## Available data
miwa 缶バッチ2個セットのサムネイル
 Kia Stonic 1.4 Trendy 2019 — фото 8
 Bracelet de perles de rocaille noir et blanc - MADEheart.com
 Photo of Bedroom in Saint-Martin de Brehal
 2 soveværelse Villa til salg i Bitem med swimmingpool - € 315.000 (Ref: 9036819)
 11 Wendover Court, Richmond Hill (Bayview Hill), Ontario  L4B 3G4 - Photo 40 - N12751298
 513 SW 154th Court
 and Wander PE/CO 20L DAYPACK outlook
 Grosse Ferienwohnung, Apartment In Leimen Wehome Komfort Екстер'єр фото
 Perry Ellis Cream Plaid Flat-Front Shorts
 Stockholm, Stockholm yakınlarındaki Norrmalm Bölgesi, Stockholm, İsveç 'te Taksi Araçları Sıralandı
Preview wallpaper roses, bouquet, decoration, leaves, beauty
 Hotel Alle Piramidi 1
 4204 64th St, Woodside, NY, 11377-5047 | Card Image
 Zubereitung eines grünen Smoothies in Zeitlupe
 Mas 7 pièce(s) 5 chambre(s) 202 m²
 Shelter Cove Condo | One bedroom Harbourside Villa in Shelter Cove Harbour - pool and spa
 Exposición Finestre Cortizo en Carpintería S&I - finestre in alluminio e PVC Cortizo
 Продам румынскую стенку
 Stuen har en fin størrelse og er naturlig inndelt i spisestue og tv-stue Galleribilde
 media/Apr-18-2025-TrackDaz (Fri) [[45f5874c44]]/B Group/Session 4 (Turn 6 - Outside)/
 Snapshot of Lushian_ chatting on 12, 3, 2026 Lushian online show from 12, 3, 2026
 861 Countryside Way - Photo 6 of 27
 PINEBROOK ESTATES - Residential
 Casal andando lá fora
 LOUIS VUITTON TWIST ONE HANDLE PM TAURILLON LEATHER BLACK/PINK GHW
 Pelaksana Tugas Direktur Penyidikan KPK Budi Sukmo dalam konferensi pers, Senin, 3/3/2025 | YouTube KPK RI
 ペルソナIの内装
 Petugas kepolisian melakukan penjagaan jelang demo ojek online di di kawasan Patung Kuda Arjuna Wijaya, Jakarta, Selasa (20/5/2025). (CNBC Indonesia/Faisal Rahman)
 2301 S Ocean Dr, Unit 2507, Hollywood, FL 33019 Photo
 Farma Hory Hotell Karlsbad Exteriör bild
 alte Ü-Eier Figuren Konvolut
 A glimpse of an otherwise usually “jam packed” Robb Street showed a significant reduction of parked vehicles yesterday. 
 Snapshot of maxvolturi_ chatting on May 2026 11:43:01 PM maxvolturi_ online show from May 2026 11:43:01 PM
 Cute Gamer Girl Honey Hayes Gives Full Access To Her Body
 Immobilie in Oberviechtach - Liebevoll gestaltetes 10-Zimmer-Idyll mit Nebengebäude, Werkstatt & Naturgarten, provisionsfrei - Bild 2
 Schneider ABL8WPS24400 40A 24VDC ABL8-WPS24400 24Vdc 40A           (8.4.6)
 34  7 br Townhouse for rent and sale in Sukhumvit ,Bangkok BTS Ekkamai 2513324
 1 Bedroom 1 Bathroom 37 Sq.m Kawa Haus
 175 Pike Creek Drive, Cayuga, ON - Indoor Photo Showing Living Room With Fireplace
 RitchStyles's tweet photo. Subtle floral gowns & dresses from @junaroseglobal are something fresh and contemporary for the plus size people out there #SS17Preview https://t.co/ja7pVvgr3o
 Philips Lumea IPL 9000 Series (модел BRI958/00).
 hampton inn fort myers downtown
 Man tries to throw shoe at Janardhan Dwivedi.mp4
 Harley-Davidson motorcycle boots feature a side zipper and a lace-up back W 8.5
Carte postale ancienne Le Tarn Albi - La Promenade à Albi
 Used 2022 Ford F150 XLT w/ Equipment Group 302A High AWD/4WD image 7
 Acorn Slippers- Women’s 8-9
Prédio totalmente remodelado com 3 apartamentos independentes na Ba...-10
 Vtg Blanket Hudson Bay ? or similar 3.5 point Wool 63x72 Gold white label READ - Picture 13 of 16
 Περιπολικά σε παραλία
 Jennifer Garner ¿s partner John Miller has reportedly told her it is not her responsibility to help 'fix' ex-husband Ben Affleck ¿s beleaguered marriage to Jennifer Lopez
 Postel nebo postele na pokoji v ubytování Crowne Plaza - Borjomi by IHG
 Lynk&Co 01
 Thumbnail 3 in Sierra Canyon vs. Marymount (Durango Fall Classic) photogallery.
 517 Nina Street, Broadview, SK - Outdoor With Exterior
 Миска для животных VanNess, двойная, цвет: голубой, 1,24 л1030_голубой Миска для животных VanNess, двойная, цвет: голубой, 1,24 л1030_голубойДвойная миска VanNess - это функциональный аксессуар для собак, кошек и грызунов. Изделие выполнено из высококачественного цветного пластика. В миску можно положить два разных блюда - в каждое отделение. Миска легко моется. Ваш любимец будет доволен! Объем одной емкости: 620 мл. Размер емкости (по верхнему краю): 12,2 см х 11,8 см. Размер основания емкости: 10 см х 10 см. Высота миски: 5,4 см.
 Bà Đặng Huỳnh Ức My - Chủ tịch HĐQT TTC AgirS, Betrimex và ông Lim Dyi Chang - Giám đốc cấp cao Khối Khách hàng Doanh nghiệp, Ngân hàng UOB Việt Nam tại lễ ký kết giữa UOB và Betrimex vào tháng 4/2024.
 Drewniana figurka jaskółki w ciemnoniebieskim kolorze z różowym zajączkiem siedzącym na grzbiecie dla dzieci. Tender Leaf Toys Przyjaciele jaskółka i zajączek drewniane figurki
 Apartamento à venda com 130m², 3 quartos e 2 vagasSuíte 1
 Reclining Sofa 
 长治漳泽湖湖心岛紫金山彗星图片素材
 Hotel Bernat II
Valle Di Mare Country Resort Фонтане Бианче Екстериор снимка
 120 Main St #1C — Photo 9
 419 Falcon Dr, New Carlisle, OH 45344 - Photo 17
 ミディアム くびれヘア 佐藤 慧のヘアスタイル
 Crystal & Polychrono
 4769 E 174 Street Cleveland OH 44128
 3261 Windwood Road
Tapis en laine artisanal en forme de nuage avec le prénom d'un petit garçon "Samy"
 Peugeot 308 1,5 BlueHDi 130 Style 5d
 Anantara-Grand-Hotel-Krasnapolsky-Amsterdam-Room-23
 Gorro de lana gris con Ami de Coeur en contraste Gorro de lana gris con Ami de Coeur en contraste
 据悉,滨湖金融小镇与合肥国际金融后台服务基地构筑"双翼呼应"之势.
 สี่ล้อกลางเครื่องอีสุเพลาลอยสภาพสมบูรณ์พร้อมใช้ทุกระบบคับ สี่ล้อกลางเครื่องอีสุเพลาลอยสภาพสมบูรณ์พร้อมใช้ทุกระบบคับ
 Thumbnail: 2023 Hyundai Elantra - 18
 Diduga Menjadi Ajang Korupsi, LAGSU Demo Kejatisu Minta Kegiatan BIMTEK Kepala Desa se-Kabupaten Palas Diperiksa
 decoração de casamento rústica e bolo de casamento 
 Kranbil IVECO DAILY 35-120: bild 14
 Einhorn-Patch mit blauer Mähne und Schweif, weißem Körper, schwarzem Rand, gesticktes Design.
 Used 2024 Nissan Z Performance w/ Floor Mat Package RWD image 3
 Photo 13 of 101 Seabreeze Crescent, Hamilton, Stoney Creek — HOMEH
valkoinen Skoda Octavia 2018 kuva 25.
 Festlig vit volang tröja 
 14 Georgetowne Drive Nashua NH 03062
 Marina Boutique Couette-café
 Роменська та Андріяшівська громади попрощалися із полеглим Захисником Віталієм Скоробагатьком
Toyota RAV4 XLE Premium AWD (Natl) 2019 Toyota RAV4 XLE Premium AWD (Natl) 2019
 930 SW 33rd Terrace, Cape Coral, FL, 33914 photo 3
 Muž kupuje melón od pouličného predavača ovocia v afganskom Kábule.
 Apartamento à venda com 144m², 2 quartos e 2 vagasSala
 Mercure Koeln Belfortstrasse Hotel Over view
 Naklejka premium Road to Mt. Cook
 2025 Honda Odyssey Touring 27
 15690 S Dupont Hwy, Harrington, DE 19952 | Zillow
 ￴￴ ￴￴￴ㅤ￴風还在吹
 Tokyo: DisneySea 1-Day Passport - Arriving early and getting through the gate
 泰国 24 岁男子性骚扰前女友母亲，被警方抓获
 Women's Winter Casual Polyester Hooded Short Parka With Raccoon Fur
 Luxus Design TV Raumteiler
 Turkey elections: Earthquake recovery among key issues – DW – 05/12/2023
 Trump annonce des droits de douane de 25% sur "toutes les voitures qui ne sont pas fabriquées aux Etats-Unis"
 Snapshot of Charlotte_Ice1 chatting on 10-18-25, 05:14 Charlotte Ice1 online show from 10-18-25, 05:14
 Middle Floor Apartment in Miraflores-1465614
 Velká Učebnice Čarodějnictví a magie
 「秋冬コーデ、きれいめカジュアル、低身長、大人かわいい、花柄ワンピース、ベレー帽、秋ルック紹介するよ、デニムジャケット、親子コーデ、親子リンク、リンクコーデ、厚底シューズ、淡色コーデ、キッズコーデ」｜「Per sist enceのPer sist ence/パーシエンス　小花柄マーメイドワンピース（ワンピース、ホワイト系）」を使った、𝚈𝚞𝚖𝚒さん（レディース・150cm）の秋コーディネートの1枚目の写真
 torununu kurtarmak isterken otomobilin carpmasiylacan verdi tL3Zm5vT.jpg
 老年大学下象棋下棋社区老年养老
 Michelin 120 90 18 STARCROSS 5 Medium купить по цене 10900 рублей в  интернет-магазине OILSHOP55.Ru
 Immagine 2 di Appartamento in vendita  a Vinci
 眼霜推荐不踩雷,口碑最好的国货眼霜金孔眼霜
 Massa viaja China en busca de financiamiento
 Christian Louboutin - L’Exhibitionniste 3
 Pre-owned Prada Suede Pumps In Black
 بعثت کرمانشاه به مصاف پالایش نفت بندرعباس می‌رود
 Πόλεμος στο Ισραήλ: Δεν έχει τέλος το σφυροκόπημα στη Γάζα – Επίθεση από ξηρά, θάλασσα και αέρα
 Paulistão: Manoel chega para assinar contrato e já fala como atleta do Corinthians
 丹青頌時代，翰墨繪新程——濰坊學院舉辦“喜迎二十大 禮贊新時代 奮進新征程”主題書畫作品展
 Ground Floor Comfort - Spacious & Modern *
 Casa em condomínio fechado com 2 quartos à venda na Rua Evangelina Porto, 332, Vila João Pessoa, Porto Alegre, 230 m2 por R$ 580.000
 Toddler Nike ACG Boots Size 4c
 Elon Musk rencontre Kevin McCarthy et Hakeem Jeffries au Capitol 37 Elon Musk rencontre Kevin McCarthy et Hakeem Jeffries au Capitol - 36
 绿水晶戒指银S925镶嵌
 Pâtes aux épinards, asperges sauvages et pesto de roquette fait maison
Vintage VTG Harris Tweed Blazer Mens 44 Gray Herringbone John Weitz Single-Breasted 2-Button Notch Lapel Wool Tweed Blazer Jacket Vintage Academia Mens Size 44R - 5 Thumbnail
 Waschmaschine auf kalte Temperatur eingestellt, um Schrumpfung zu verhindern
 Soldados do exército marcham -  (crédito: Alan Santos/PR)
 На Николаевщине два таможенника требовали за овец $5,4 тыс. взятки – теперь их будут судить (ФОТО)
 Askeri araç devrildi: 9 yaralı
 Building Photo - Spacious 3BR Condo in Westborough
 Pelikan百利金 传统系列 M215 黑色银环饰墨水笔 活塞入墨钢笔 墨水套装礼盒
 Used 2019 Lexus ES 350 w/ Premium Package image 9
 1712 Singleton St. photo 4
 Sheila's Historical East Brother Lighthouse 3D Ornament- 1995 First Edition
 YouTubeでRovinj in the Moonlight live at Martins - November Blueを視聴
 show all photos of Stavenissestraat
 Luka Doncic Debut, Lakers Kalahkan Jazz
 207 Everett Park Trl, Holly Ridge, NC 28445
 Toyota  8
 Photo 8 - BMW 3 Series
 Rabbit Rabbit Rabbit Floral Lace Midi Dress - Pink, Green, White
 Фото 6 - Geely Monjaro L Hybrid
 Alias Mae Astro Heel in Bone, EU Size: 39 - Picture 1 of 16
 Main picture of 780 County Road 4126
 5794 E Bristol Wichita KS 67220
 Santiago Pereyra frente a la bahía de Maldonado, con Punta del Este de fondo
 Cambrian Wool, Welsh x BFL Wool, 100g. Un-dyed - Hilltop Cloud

## Work to complete
All lines in the records with the string "Floor" should be copied out.

## Answer box
 Used 2024 Nissan Z Performance w/ Floor Mat Package RWD image 3
 Middle Floor Apartment in Miraflores-1465614
 Ground Floor Comfort - Spacious & Modern *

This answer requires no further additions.